Part of the work of the slave narrative was simply to get the implied white audience to see black people as human. The desire to deflect or deny the facts of American chattel slavery ran (and often still runs) deep with a white audience. So, typically (and this is the case with Jacobs), the ex-slave's narrative would be presented with a preface by a white abolitionist author: the imprimatur of white authority vouching for the veracity of black experience. In the case of Jacobs's Incidents, the narrative itself, which is true, is further framed in such a way as to resonate very specifically with its proposed white, female audience. Throughout the first half, Jacobs fights to maintain her chastity against the persistent sexual attentions of Dr. Flint. It's a narrative template, the chaste woman fighting off the sexual advances of a more powerful man, that can be traced back at least as far as Samuel Richardson's Clarissa, an 18C English novel that was very popular in its day, and its use helps to highlight Jacobs's humanity and relatability to northern white women, counteracting the widespread narrative among whites that enslaved people were less than fully human, and that they were treated well under slavery. Jacobs, through this narrative technique, becomes relatable and therefore human to a white audience.

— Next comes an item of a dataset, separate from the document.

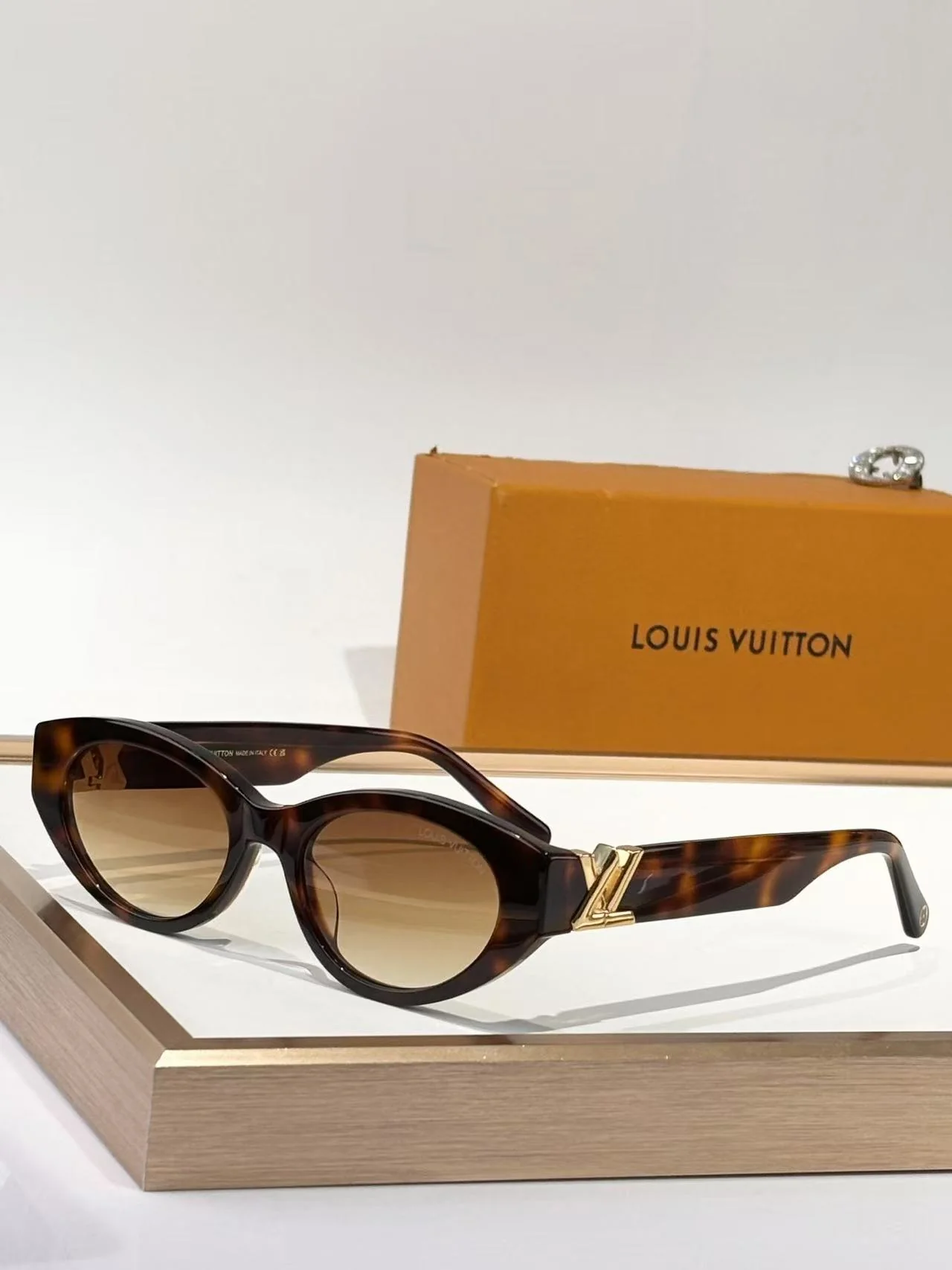 fashion hot 5 color sunglasses 001 fashion hot 5 color sunglasses 001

Yet, embedded within this narrative framing designed for white consumption is also a story of community among the enslaved and, more particularly, among the women within that community. These bonds of community exist even in the face of a power structure that deliberately worked to destroy families. Human attachment was undermined at every turn.
As Jacobs recounts (and we can see the direct effects of each of these facts in the narrative itself): because enslaved people were considered property, families could be broken up and sold, parents and children never seeing each other again—this fact could be used to punish and control; the same was true for husbands and wives—to marry, as enslaved people (assuming they were allowed to by their enslavers), was not proof against the husband or wife being sold; women could be forced to have sex with their white owners, and the children of these unions followed the state of the mother, and so were born enslaved. These children could in turn be sold away and often were. Finally, any enslaved person could be whipped or killed at any moment for any reason, to say nothing of the day-to-day psychological abuse and deprivation that prevailed. And yet, as we see in Incidents, Jacobs, her grandmother, and other members of her family found ways to preserve their humanity and their bonds with each other. The second half of the narrative will describe Jacobs's journey to freedom, and the story will move from one of endurance to one of triumph.
For this week, identify a moment of resistance in the narrative. Analyze a specific scene to show how Jacobs (or one of the other personages in the narrative) works to maintain her humanity, or that of one of her family or friends. How is she averting, circumventing, or redirecting the power exerted by Mr. Flint or one or more of the other slaveholders or white citizens? In what ways is this moment affected by the fact that Jacobs is a woman?